[Data provided — start]

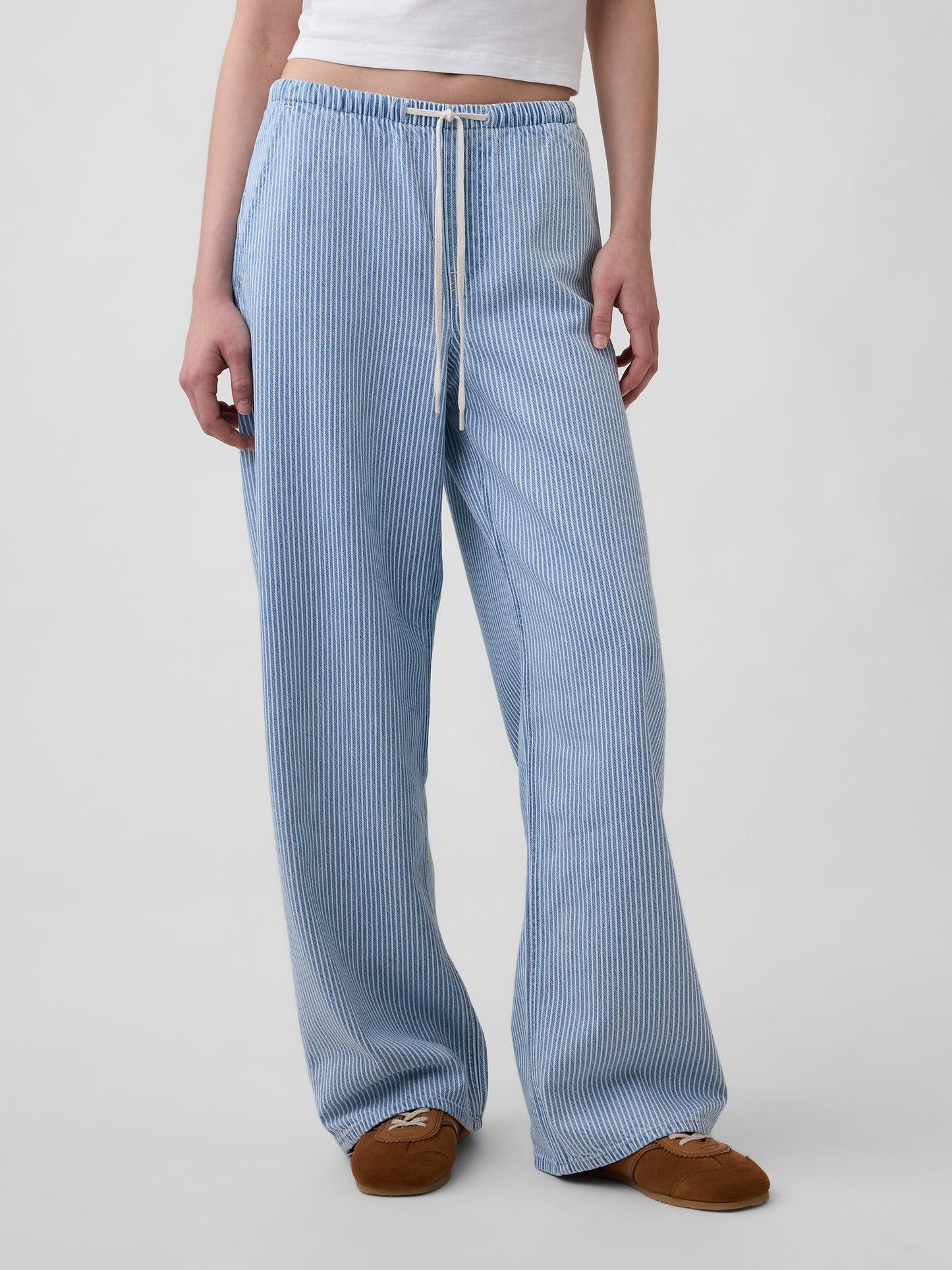 Mavi Low Rise Ultrasoft Easy '90s Loose Jean Pantolon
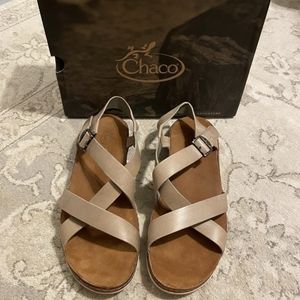 Chaco Leather Wayfarer Sandal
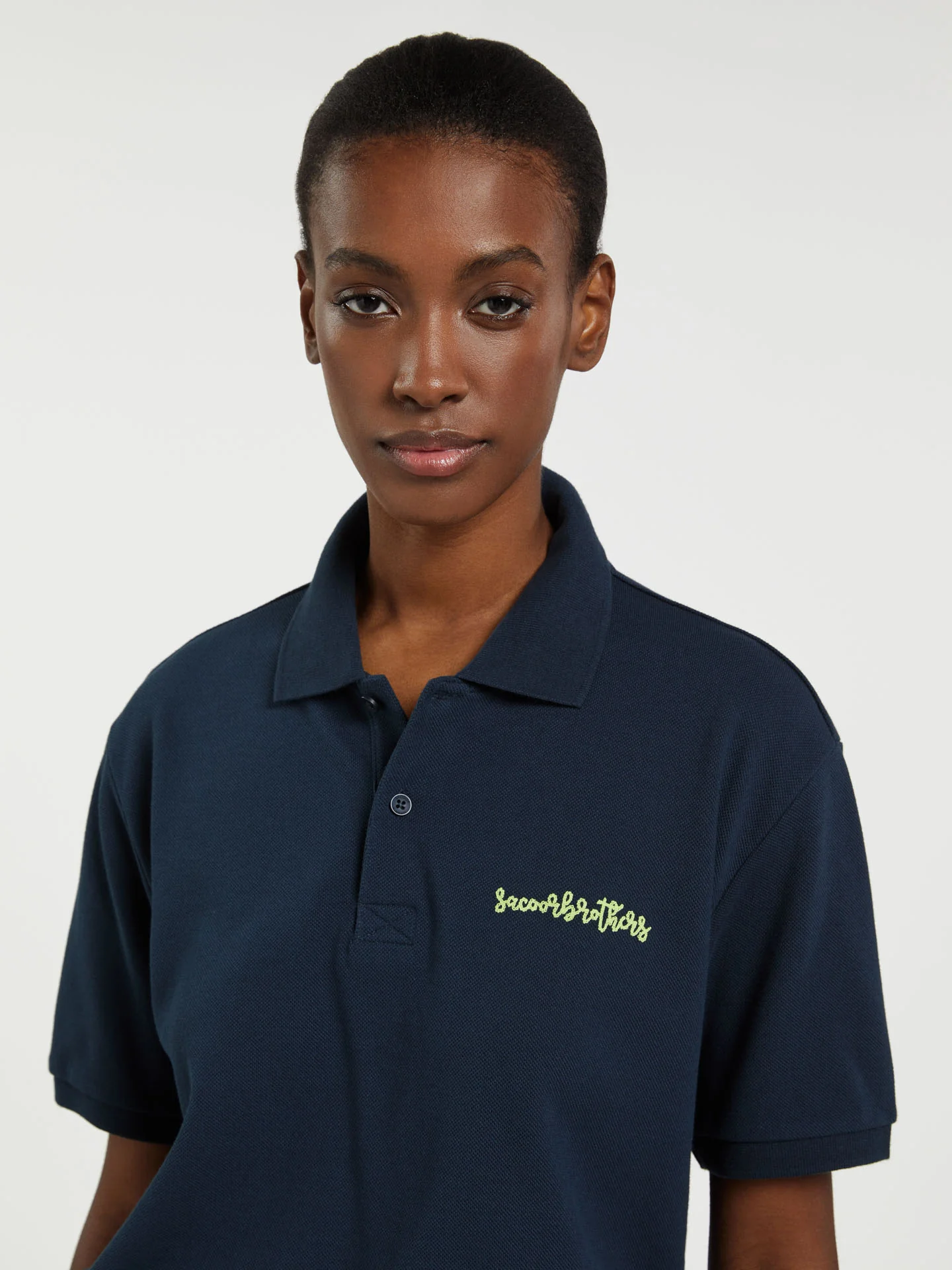 Gen Z Capsule Collection Polo Piqué Shirt - Image 5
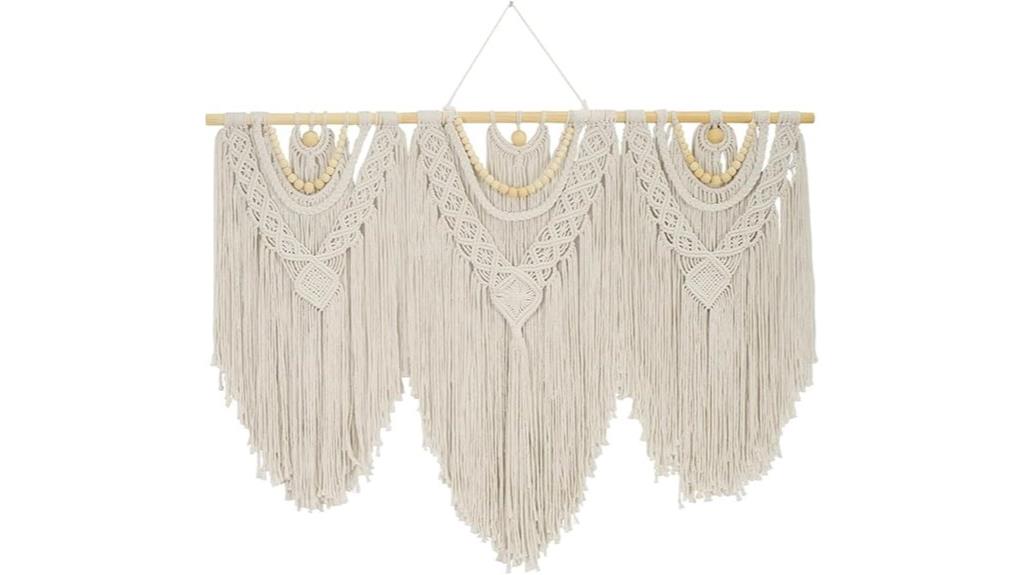 boho cotton wall decor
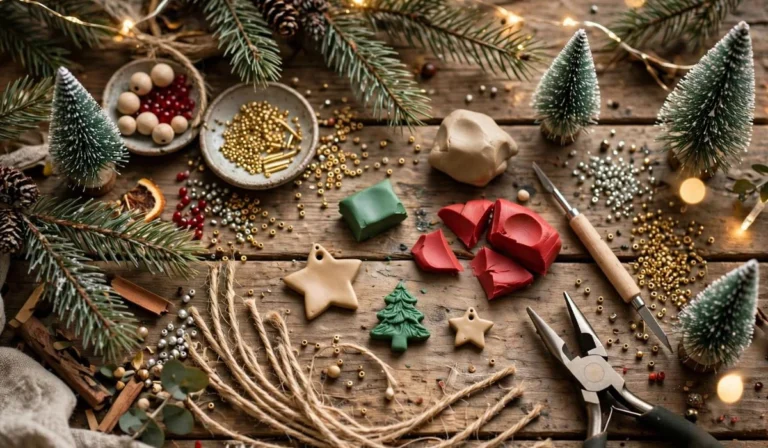 Christmas Charms DIY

[Data provided — finish]

■ What is needed
Your copy should hold every entry exactly as written, but none of the pictures.

■ Answer box
 Mavi Low Rise Ultrasoft Easy '90s Loose Jean Pantolon
 Chaco Leather Wayfarer Sandal
 Gen Z Capsule Collection Polo Piqué Shirt - Image 5
 boho cotton wall decor
 Christmas Charms DIY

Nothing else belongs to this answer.